[Captioned web images]

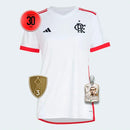 Flamengo Women's Away Shirt 2024/2025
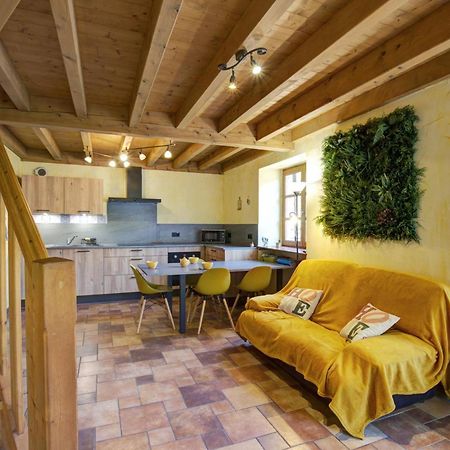 Gite De Charme Avec 2 Terrasses, Au Coeur Du Parc Du Pilat, Confortable Et Equipe - Fr-1-496-40 Malleval Kültér fotó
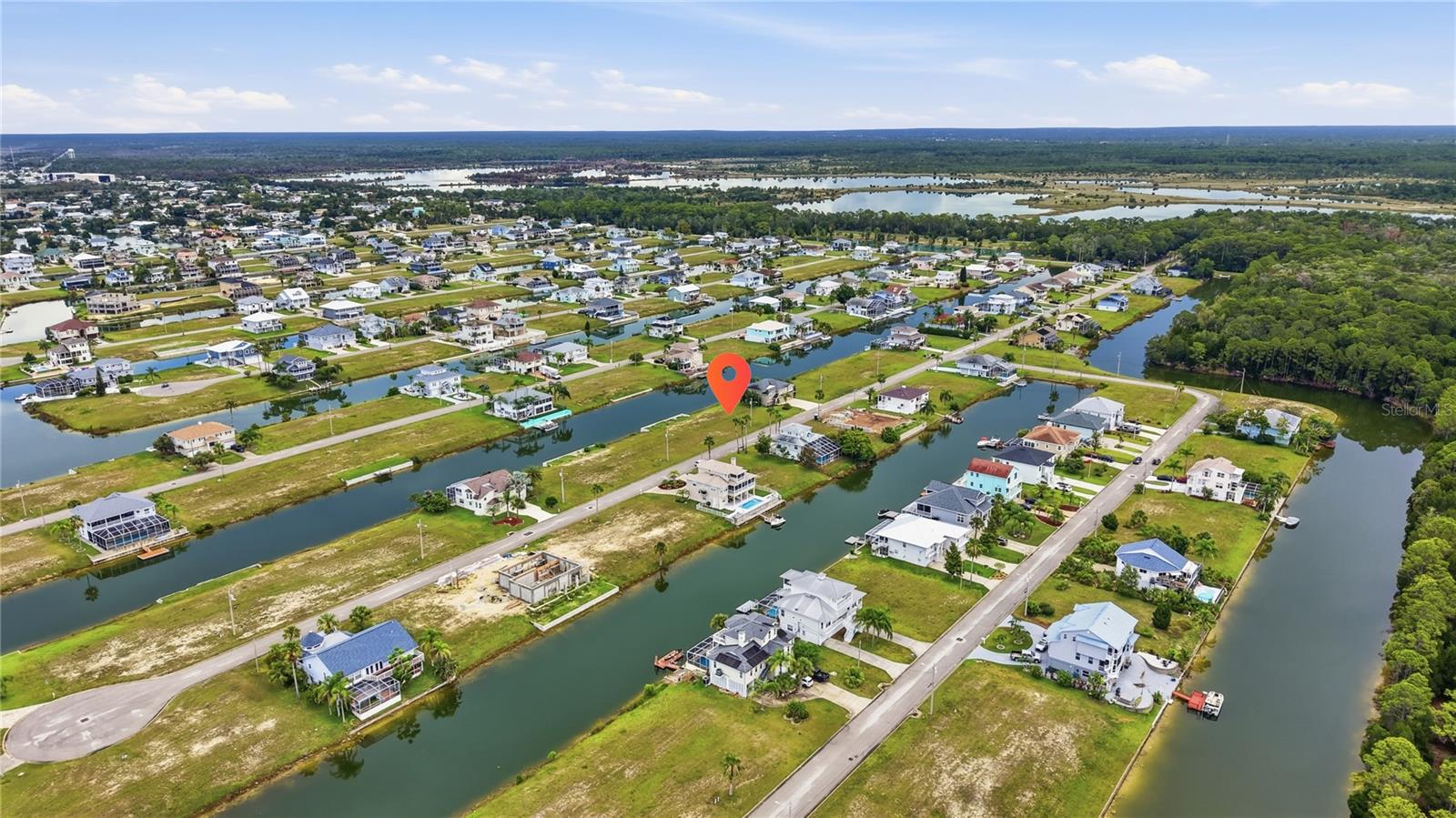 HERNANDO BEACH - Land
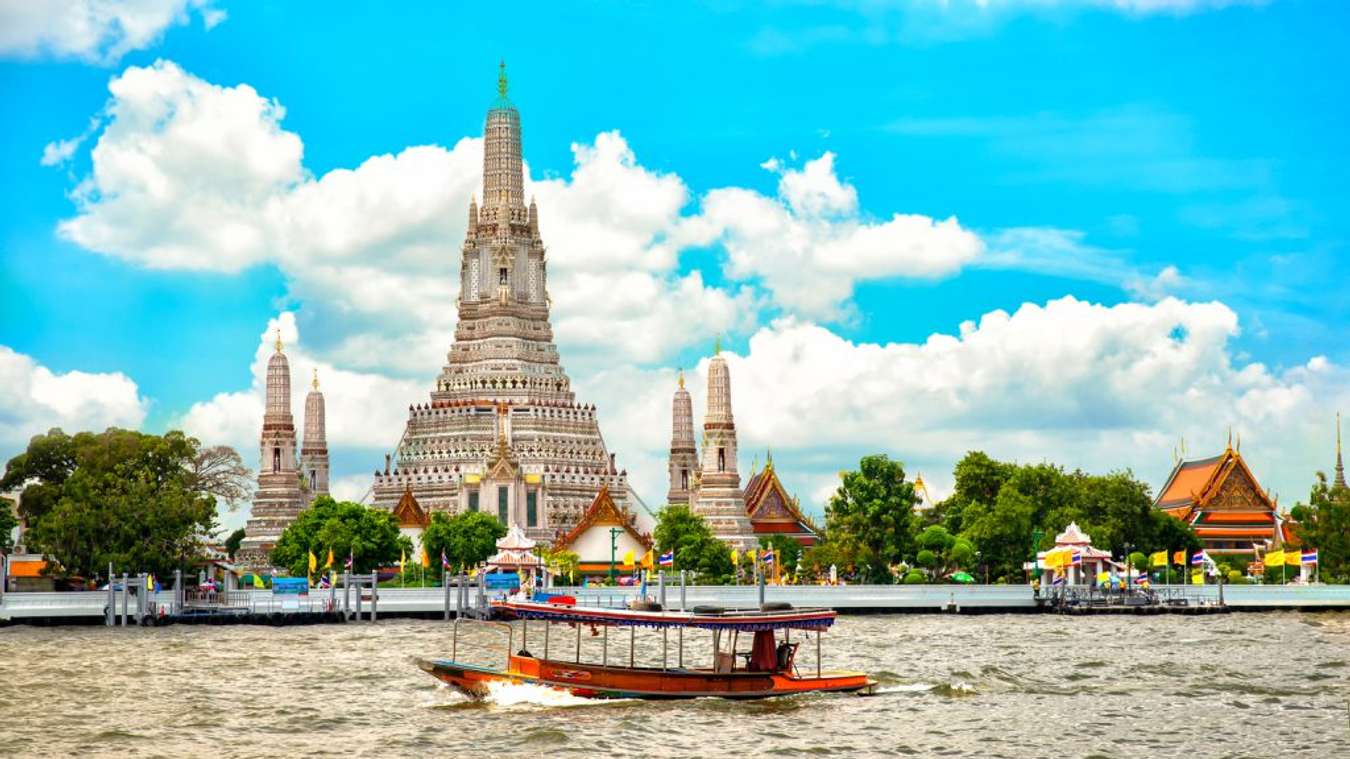 Wat Arun - Khao Kho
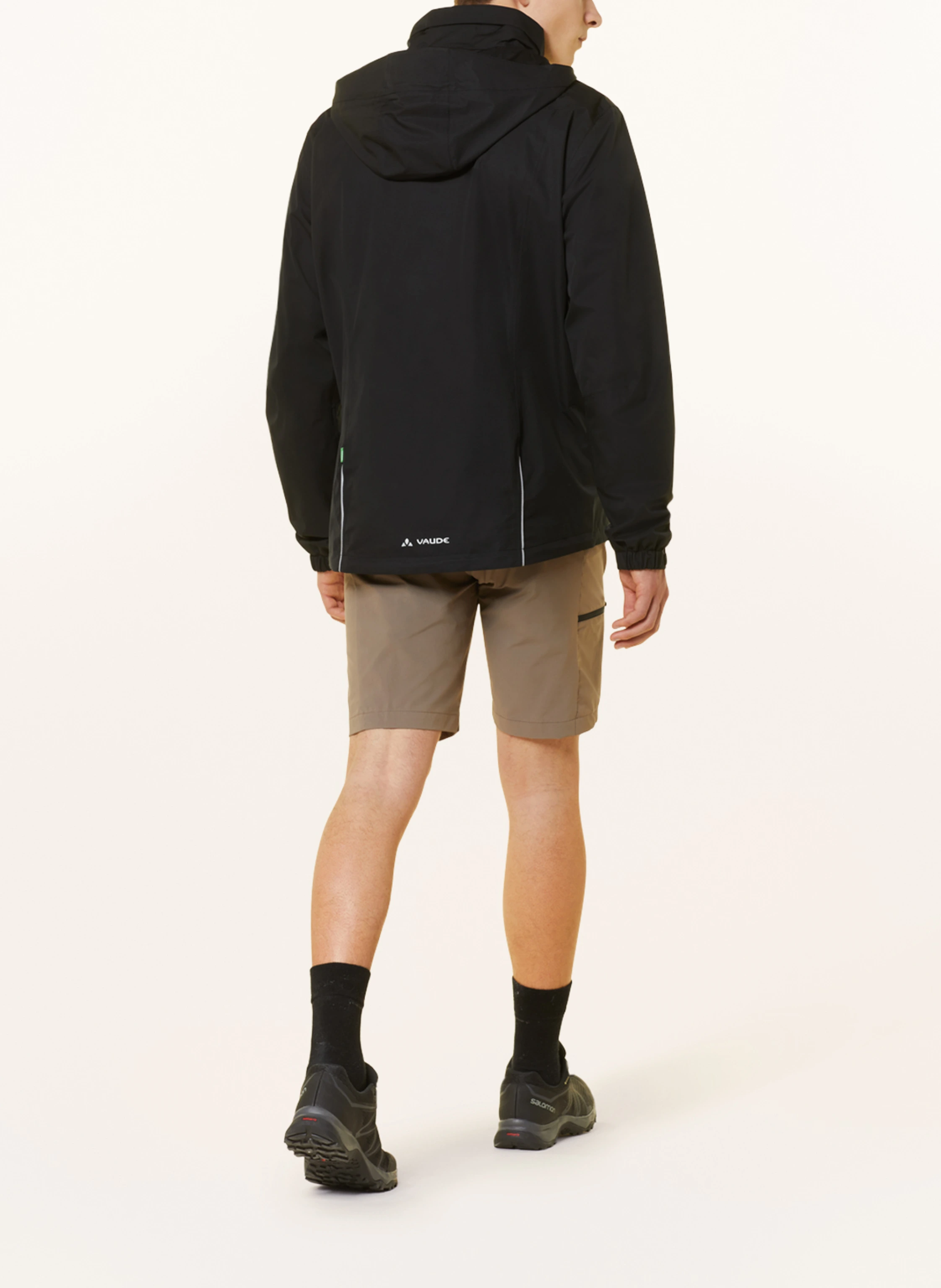 VAUDE Regenjacke ESCAPE LIGHT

# [Goal of the exercise]
Beginning at the line that contains "Wat Arun - Khao Kho", transcribe it and every later line through the last line of the data above, exactly, and drop the pictures.

# [Answer to this problem]
 Wat Arun - Khao Kho
 VAUDE Regenjacke ESCAPE LIGHT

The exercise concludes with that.